Breaking News
light_mode
Trending Tags
Beranda » News » Polemik Anggaran Publikasi Humas Muratara dan ADV Media

Polemik Anggaran Publikasi Humas Muratara dan ADV Media

  • account_circle investigasi
  • calendar_month Rab, 4 Jan 2017
  • visibility 84

MURATARA  – Pemerintah Kabupaten Musi Rawas Utara (Muratara) melalui Bagian Humas dan Protokol daerah itu pada tahun 2016 menganggarkan dana hingga mencapai diatas 1 Milliar pada anggaran Induk tahun 2016.

Namun besarnya anggaran tersebut belum mencukupi untuk menutupi belanja pemasangan advertorial/iklan hingga menunggak pembayaran kepada beberapa media mencapai 1,5 miliar.
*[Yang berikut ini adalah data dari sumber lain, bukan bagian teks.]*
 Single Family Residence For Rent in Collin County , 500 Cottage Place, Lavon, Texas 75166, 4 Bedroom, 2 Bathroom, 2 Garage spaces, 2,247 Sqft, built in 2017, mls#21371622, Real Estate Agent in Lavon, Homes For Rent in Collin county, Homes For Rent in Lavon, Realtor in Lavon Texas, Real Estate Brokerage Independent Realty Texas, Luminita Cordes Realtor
Yang mengharuskan Bagian Humas daerah itu  mengajukan tambahan anggaran pada Anggaran Pendapatan Belanja Daerah Perubahan (APBD P) tahun 2016.

“Untuk anggaran induk dananya sudah habis, jadi kita akan ajukan pada anggaran perubahan,” ujar Hamdan yang saat itu ditarik kembali sebagai Plh Kabag Humas dan Protokol menggantikan Depri di Ruang Bina Praja awal Juli 2016 lalu kepada sejumlah media.

Dikatakannya, ia tidak memiliki kekuatan untuk mengambil kebijakan terkait anggaran dihumas karena jabatannya hanya sebagai pejabat pelaksana harian (Plh).

“Pak sekda yang punya wewenang terkait anggaran di humas karena beliau selaku Pengguna Anggarannya (PA), terkecuali jika Surat Kuasa (SK) Kuasa Pengguna Anggaran (KPA) saya yang ditunjuk maka anggaran tersebut bisa saya jalankan sebagaimana fungsinya,” katanya.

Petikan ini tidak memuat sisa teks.